One of the nice side-effects about setting up triggers this way is they only run on successful completion. If for some reason the Promotion: Staging fails, nothing after it runs. Similarly, if a Build Process itself fails, UAT won’t be updated with the failed code. We still need to address the failure, of course, but by stopping the process line prematurely, no unnecessary work is done.

I should also note that the Production Promotion process includes a step that is identical to the data update. This is because after a production promotion, we want the Build server to update with the new code and data. However, we only want it to update after a production promotion. If we attempted to chain the Data Update after production promotion, and the build flowback after that, Build would be updated every night, which is not a good thing when we try to accumulate changes over the course of a week. This way, we can make sure Build is only updated once a week, and the data is still updated nightly.


Now that everything is scheduled, all that is left is for the actual developer work to finish. This process was established to help optimize the development process we have established internally:

  1. Request comes in, any missing information gathered by Project Manager
  2. Work assigned to developer by Project Manager
  3. Developer makes changes in Dev
  4. Developer loads changes in Beta, reviews with User for functionality testing
  5. User approves functionality testing
  6. Developer loads changes (with version control information) into Build
  7. Developer triggers Build Process.
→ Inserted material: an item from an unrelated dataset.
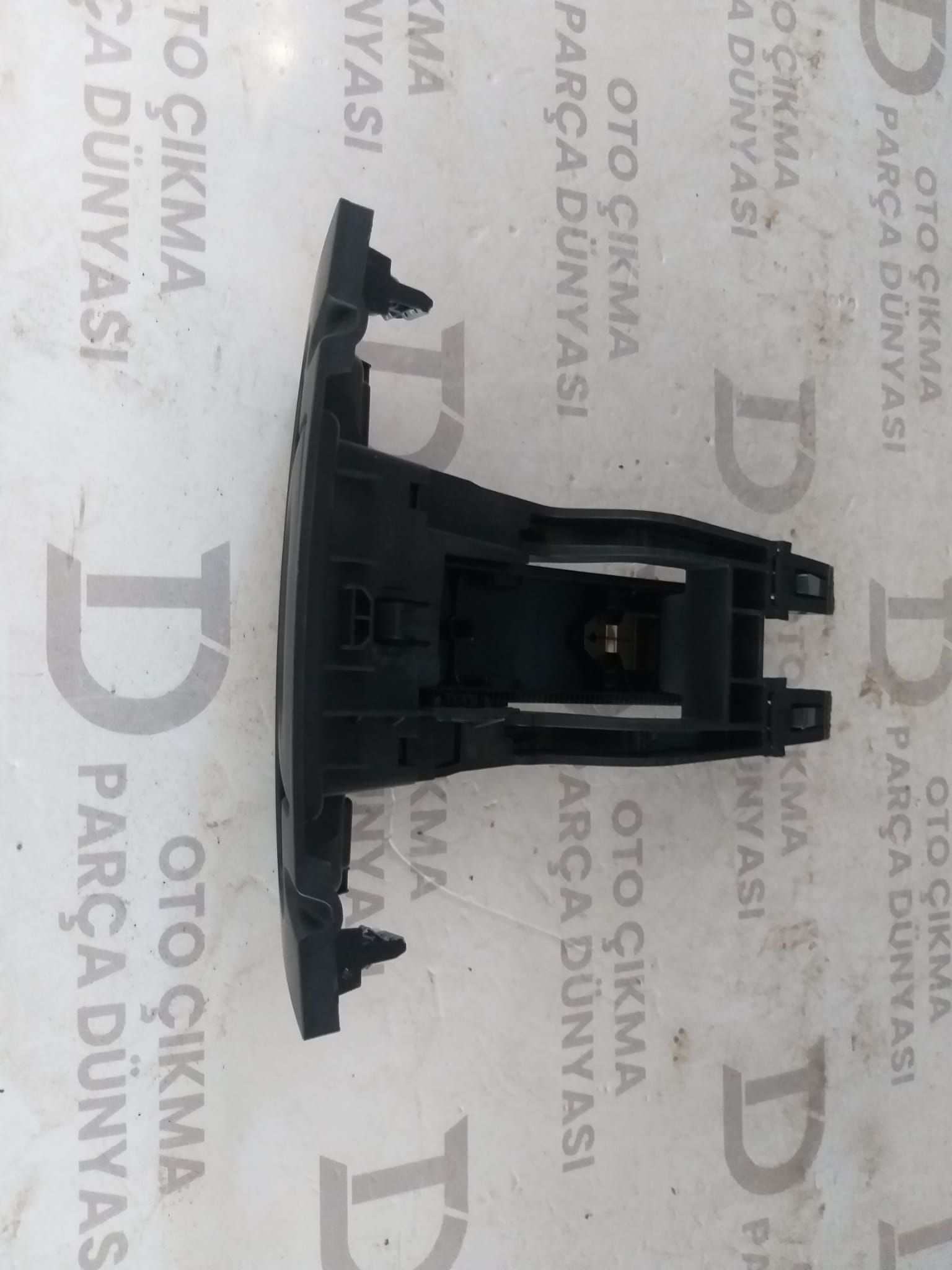 FORD TOURNEO COUR�ER TELEFON TUTUCU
Build + Automatic push to UAT
  8. Project Manager reviews changes with user in UAT
  9. Project Manager accepts changes
  10. Approved changes pushed to Staging nightly
  11. Approved changes pushed to Production weekly

There are exceptions to some of these steps (for example, Beta and the associated user review is normally reserved for large projects with many working parts; in some cases, the user may not even be involved until UAT), but for the most part this is our workflow.

Some of the nice benefits we’ve enjoyed since implementing this include:

  • Increased SOX compliance: the developer cycle (Dev -> Beta -> Build) is independent of the production cycle (Build -> UAT -> Staging -> Production).
  • The code deployment processes are all well-defined and automated, so there is no risk “forgetting” to do a step, like copy version control information.
  • All changes are traceable: If you have a production build number, you can see what the build process number is, and all the changes related to that build. There is also built-in auditing features that state who triggered a specific process, and when.
  • If something goes wrong and you need to rollback to a previous version, it’s as easy as triggering a custom Production Promotion process.

I do hope the information in this series helps others to see the value in implementing a Lifecycle Management process for AX 2009, and gives some ideas on how it can be accomplished relatively quickly and painlessly.